Future IDs at Alcatraz

Past Exhibit

Future IDs at Alcatraz Overview Video

Alcatraz Island, February - September 2019
Open Daily, 10 AM - 4 PM
This exhibit was free with the purchase of an Alcatraz ticket.

"Listen, you don't have a lot of time. I just want to show you something." And I reached into my pocket and pulled out my old prison ID. The Senator looked at it, and then I went in my other pocket and showed him this college ID. And I said to him, "This is the different side. That is the difference." And he responded, "Enough said." — Dominique Bell, Future IDs project collaborator 

Future IDs at Alcatraz was a yearlong project, exhibition, and series of monthly public programs on view in the New Industries Building on Alcatraz Island until September 2019. The installation featured ID-inspired artworks created by and with individuals who have conviction histories as they conceive and develop a vision for a future self. In stark contrast to prison-issued IDs, these artworks represent individual stories of transformation.
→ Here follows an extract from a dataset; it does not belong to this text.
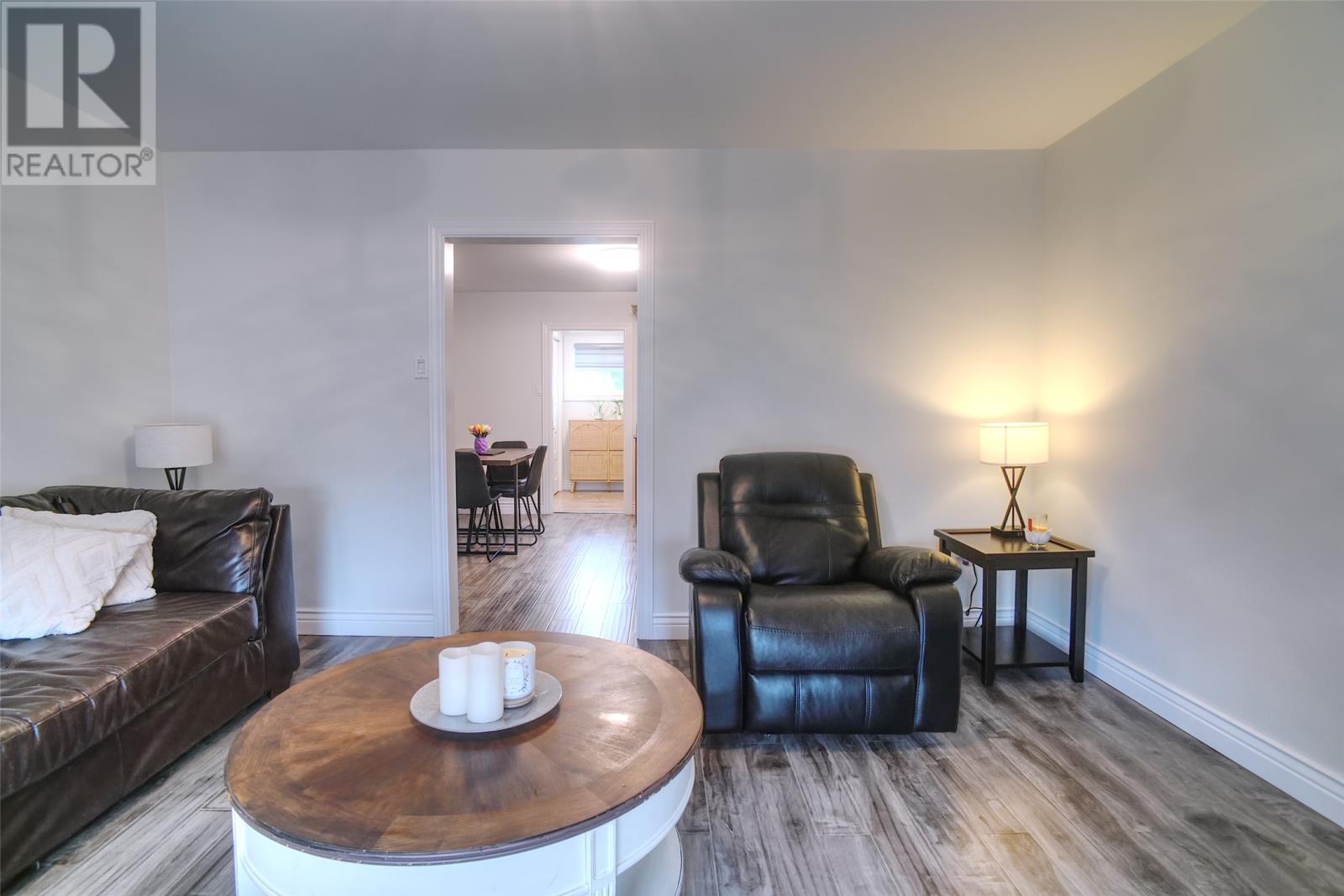 22 Kennedys Road, Conception Bay South — photo 13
Artist Gregory Sale leads a team of collaborators that translates criminal justice reform efforts into a visual language to shift thinking about rehabilitation, reentry, and reintegration. Dr. Luis Garcia, Kirn Kim, Sabrina Reid, Jessica Tully, Gregory Sale and many others have designed the project and exhibition space to function as a platform for engagement through performances, workshops, and civic dialog experiments that are co-curated with community partners.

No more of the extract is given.